I know the common explanation is that they are called “ordinary”, not the diminish their importance, but simply to identify one from the other.
Fr. Jeffrey Kirby offers a different way of looking at these Sundays in “Ordinary Time”.
During Ordinary Time, the Church’s prayers and selections of readings from the Sacred Scriptures have believers accompany the Lord Jesus in his public ministry.
Accompanying Jesus in his public ministry
He writes that, spiritually speaking, ‘Ordinary Time’ is anything but
During Ordinary Time, the Church’s prayers and selections of readings from the Sacred Scriptures have believers accompany the Lord Jesus in his public ministry. The Church selects healings, signs, and essential teachings from the life of Jesus Christ so that followers can be reminded, reaffirmed, consoled, and challenged in how they are living the Christian way of life.

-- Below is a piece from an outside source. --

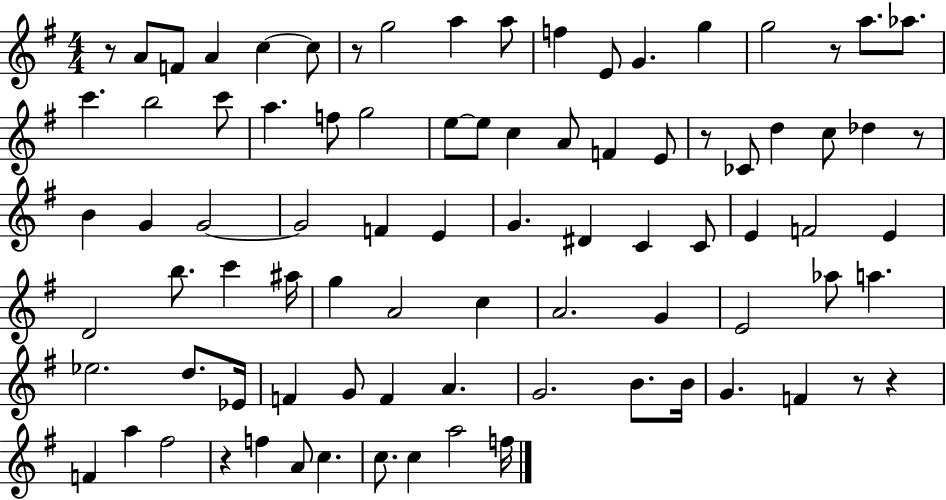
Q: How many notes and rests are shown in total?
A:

Through Ordinary Time, the community of disciples is once again told by the Lord to forgive, accept others generously, be healed and serve as instruments of healing, seek peace, live humbly, pray and trust in his care for them.
Ordinary Time can serve as a welcome signpost along the path of our discipleship and of our lives. It can be an opportunity for us to put urgent things in check so that they don’t dominate our existence and a sacred time for us to renew and cherish important things so that our lives can flourish and we can enrich the lives of others. This examination of discipleship and of life, and the resolutions drawn from it, is a favorable chance to live in the present moment.
St. Elizabeth Ann Seton understood “ordinary times”
Sr. Regina Bechtle SC, offers St. Elizabeth’s understanding of the word “ordinary”. She writes…
…That tender God was revealed to her not in fireworks or bells and whistles. No, the making known of God happened in the most ordinary of ways and places.
At the kitchen table, the writing desk, the home of a friend, God’s tender face was revealed.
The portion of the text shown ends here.